How employing people with disability benefits the workplace
Daniel Giddens, Liaison Librarian at William Angliss Institute.
“Daniel’s been popular amongst the teaching staff, and having him here is breaking down some of the stereotypes of what people with disability can and can’t do,” says Paul Kloppenborg, Manager, Learning and Information Services at William Angliss Institute.
He employed Daniel Giddens as a Liaison Librarian in 2016. That means Daniel is the connection between the teaching departments at the Institute and the library, and requires him to complete a vast variety of tasks—from ordering new items for the collection, to preparing classes on how to use the catalogue or reference properly, to more in-depth research enquiries and one-to-one consultations.
Daniel has Cerebral Palsy, which mainly affects his lower limbs and partially his hands. He needs aids (including a wheelchair and frame) for his mobility.
To accommodate his work, Daniel had a height-adjustable desk put in. These kinds of workplace adjustments are simple, but mean Daniel is able to complete his work with ease.
But for Paul, hiring Daniel wasn’t about him having disability or not—it was about his ability.
“Daniel’s disability has had no impact at all on his capabilities as a librarian,” says Paul.
“I’ve worked in disability services before, so I think I was more open to the idea than many others would be.
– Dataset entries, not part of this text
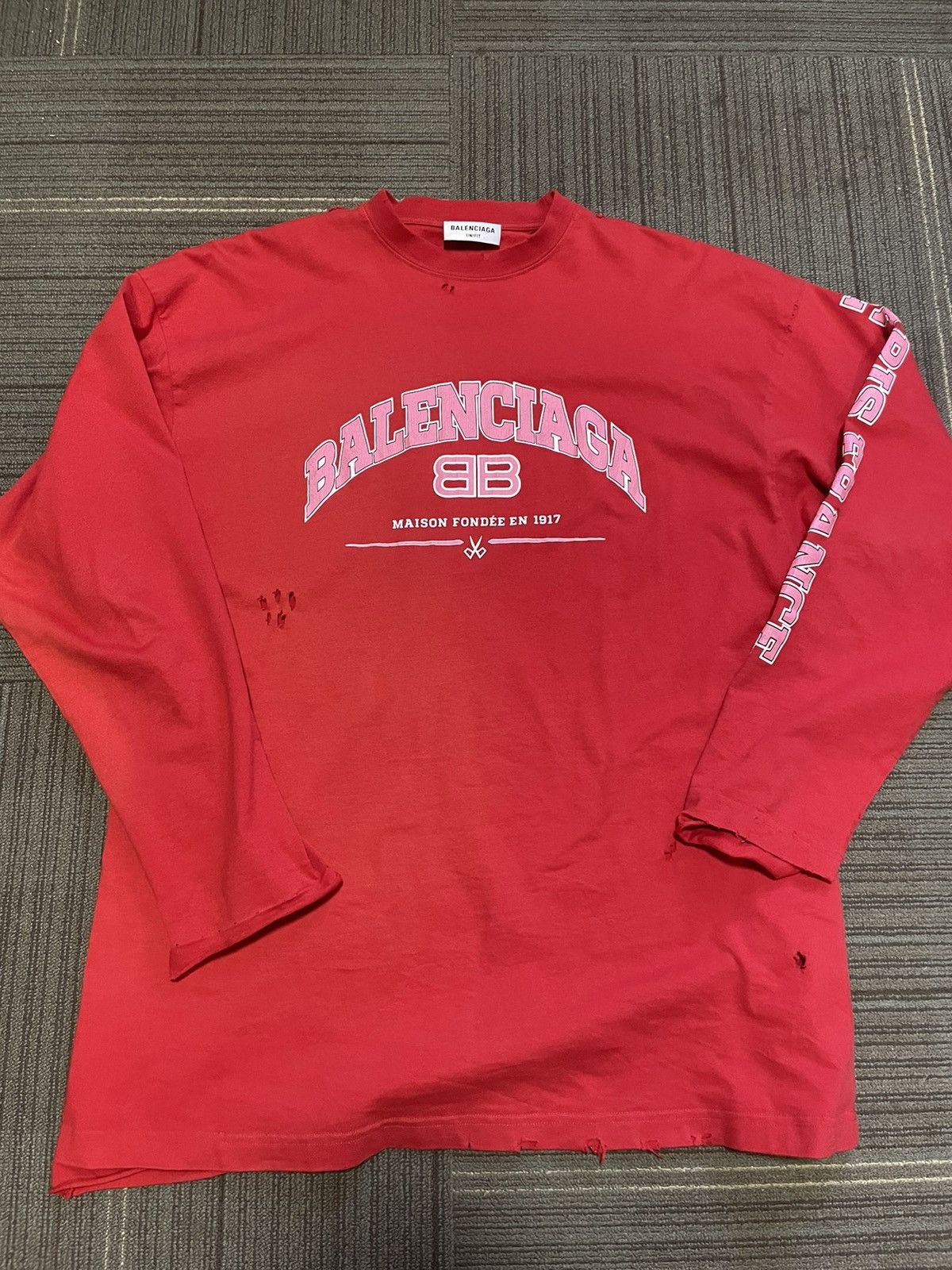 【BALENCIAGA】MAISON LOGO LONG SLEEVE T SHIRT Balenciaga T Shirt Maison | Grailed
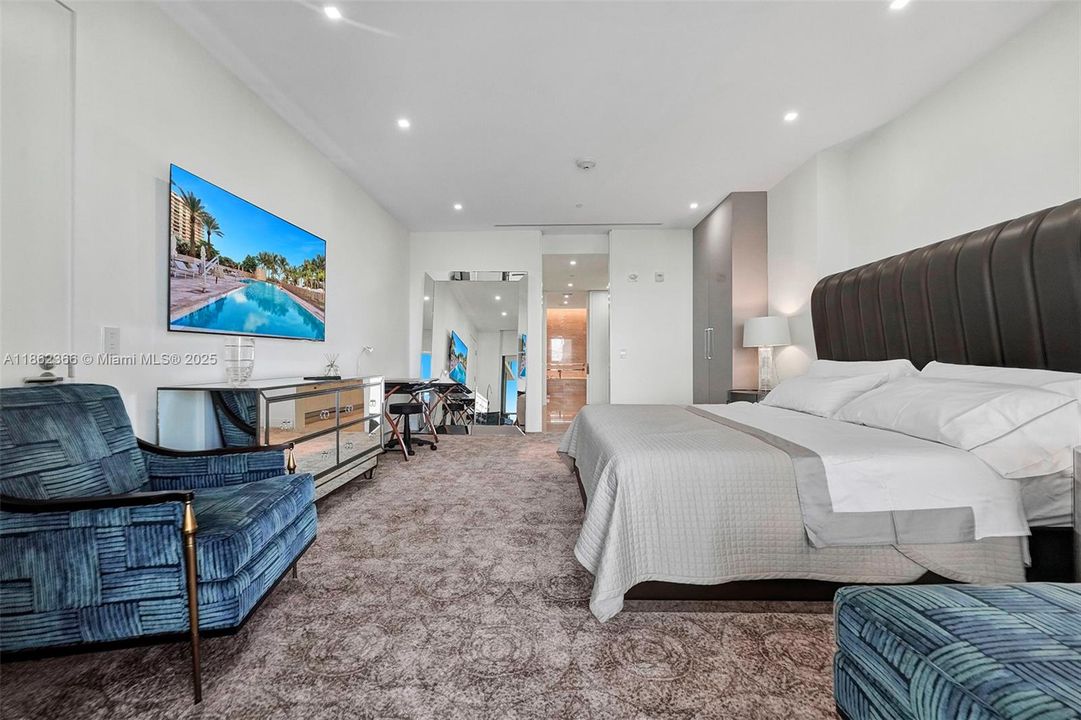 For Sale: $4,490,000 (2 beds, 3 baths, 1725 Square Feet)
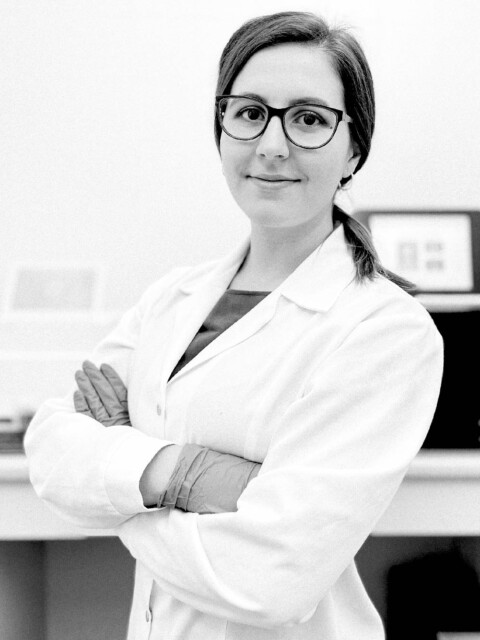 Zsiborás Réka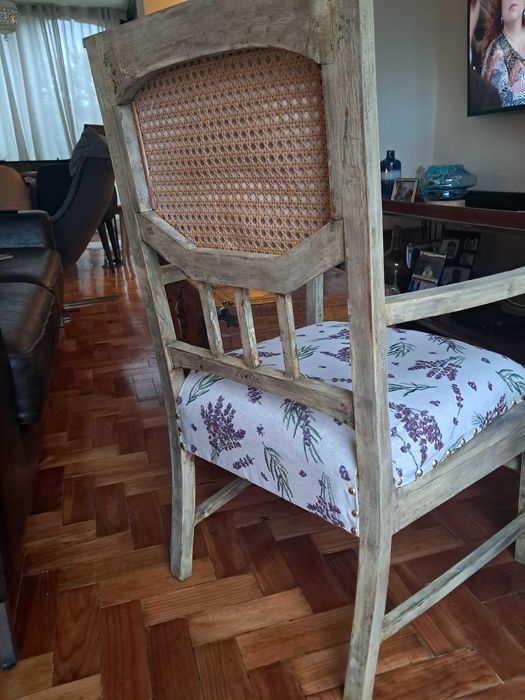 Cadeirão em madeira tecido e palhinha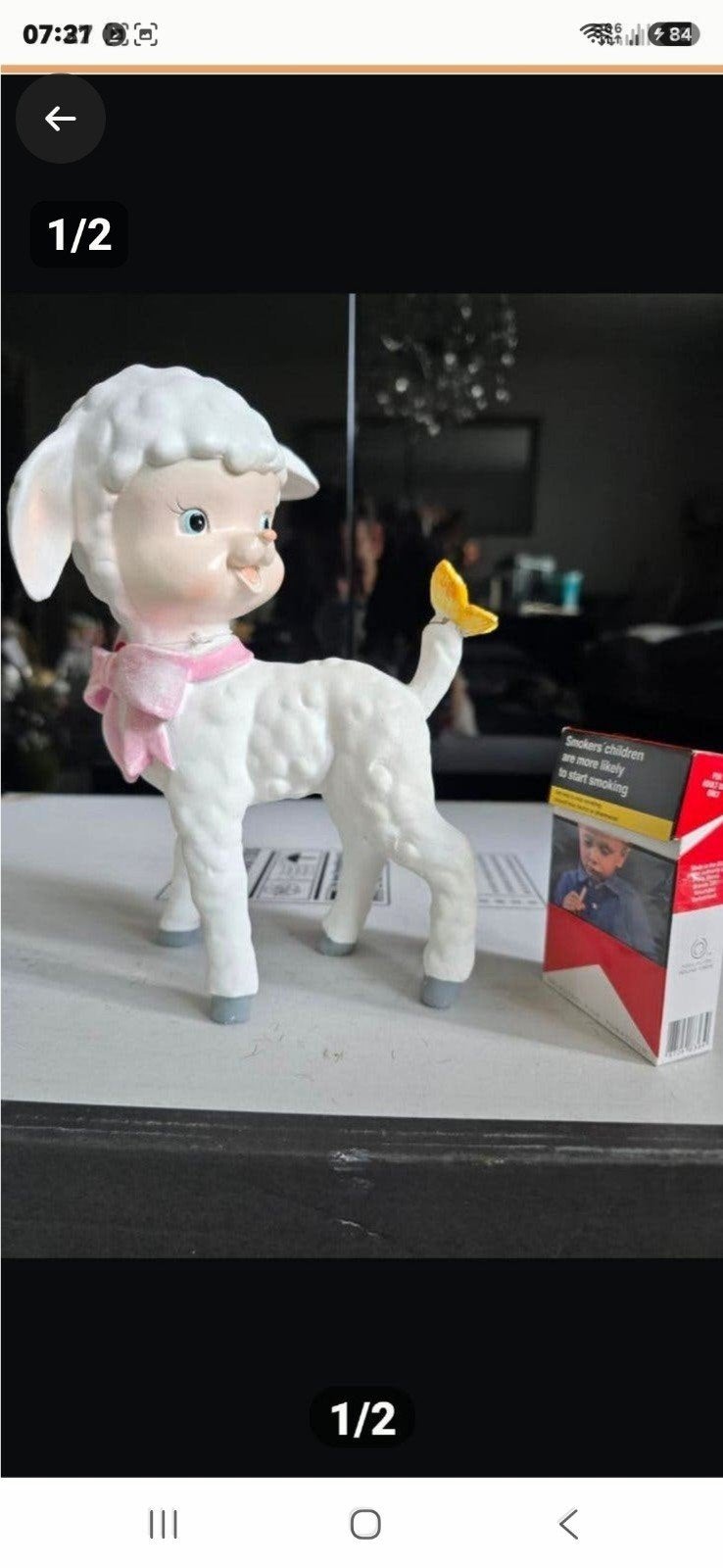 Een lieflijk keramisch beeldje van een lammetje met een roze, Ophalen of Verzenden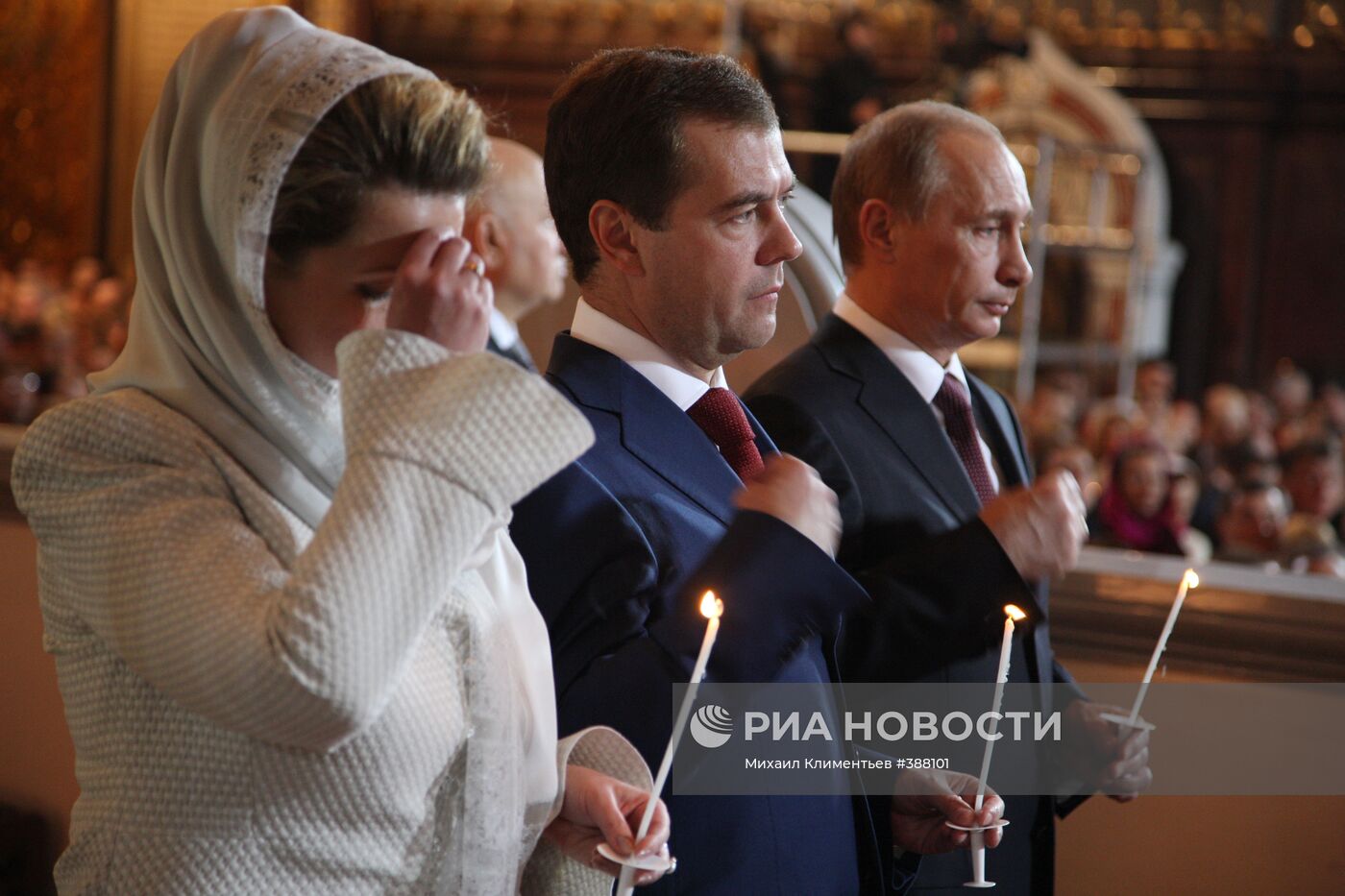 Президент РФ на Пасхальном богослужении в храме Христа Спасителя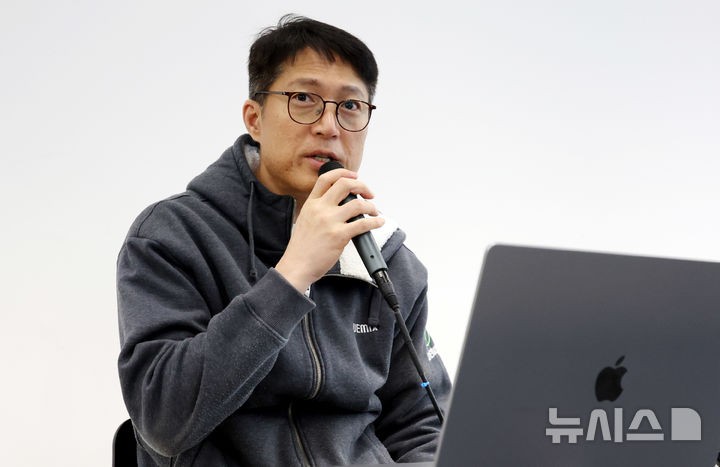 [성남=뉴시스] 추상철 기자 = 김석환 위믹스 재단 대표가 3일 오전 경기 성남시 판교 테크원타워에서 열린 '국내 가상자산 거래소의 위믹스 상장폐지 결정'과 관련 긴급 기자간담회에서 발언하고 있다.2025.05.0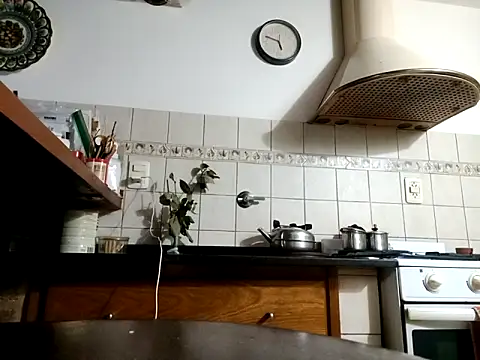 manucho2023 online show from September 2025 08:47:01 PM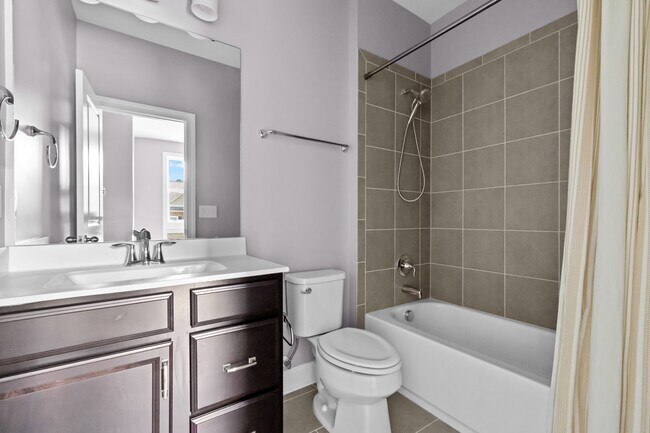 Building Photo - 3102 Rushworth Dr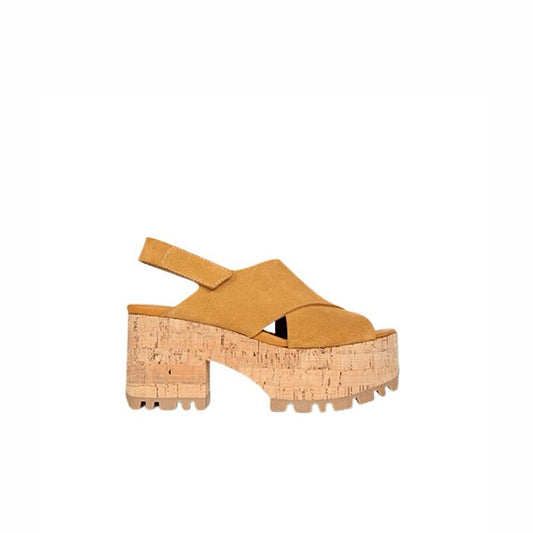 Sandales en suède, fabriquées en Espagne.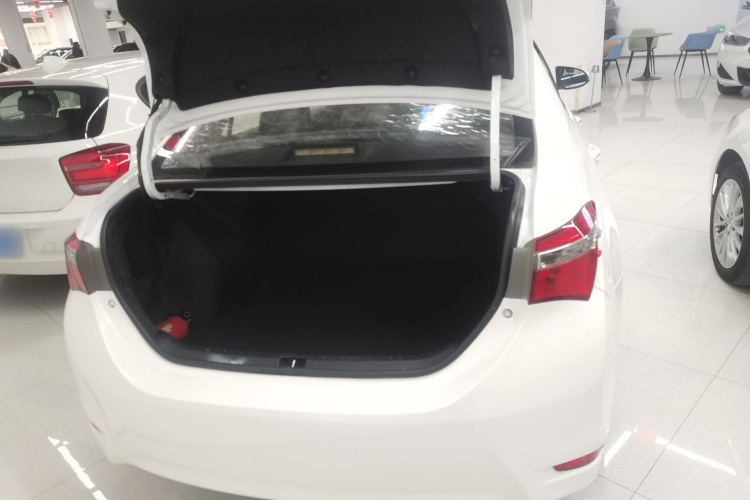 丰田 卡罗拉 2018款 1.2T S-CVT GL智享版机舱底盘23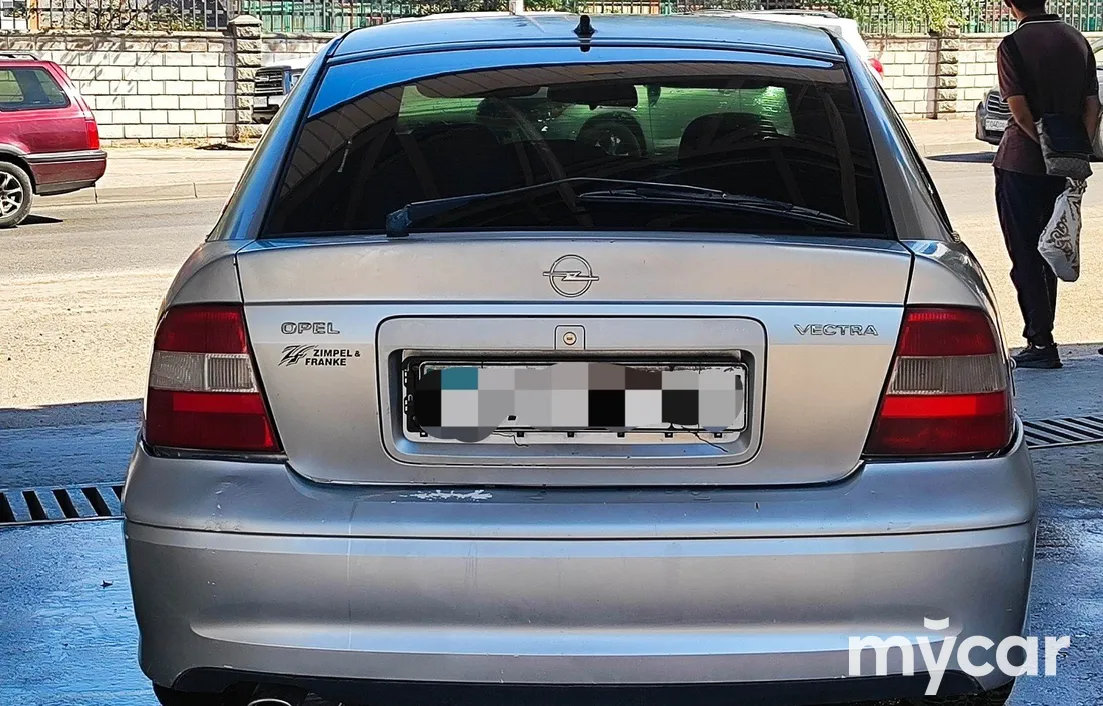 Opel Vectra 2000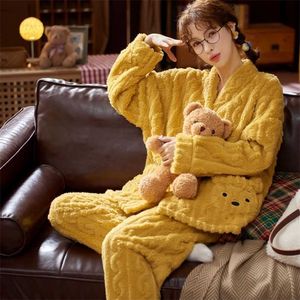 Осенью и зимние коралловые бархатные пижамы женщины утолщение плюс милый костюм домашний сервис Flannel 21112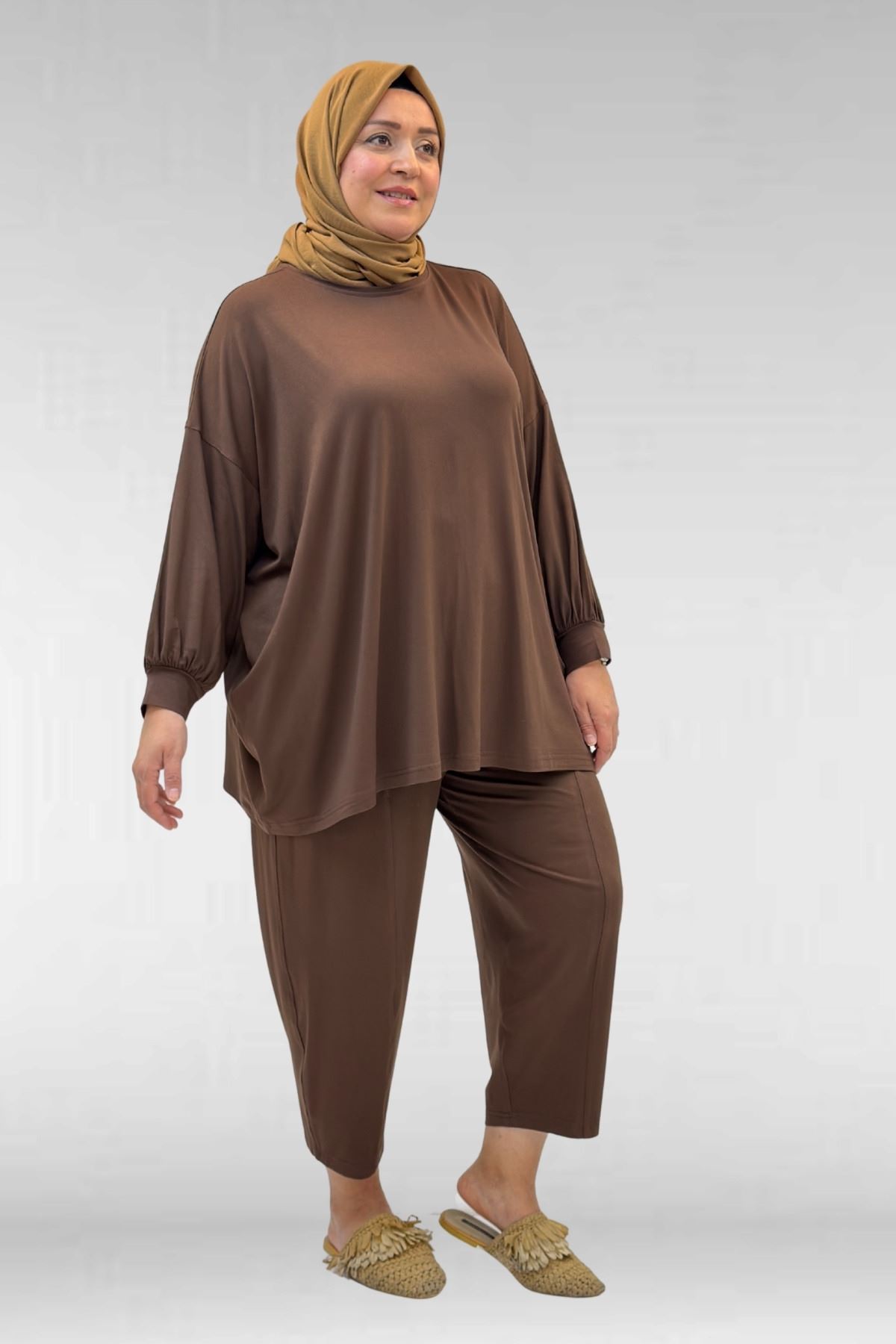 67037-E Büyük Beden Düşük Kol Penye Pantolonlu Takım - Kahve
But with Daniel, it wasn’t really about his disability. He was initially working here just a couple of hours a week, but I was so impressed that I’ve now got him in four days a week.”
Considering a person with disability may lead you to the best person for the job, while also providing that person with the many personal, social and financial benefits of work.
For Daniel, it’s important that the 20% of Australians living with disability are represented in our organisations.
“People with disability are not a small part of our population. They should be present in organisations just like others are,” says Daniel.
For him, services like JobAccess are important and should be supported because of the confidence and support they give people with disability.
“These services allow people with disability to make contributions to society just like anyone else. I think that’s what most people with disability want to do—contribute. That’s how I feel anyway,” says Daniel.
But according to Paul, working hasn’t just been a benefit to Daniel.
“It’s been great for everyone. Disability can mean so many things. I think it’s important for employers to keep an open mind and realise that having a disability can sometimes have no impact on someone’s ability to work at all.”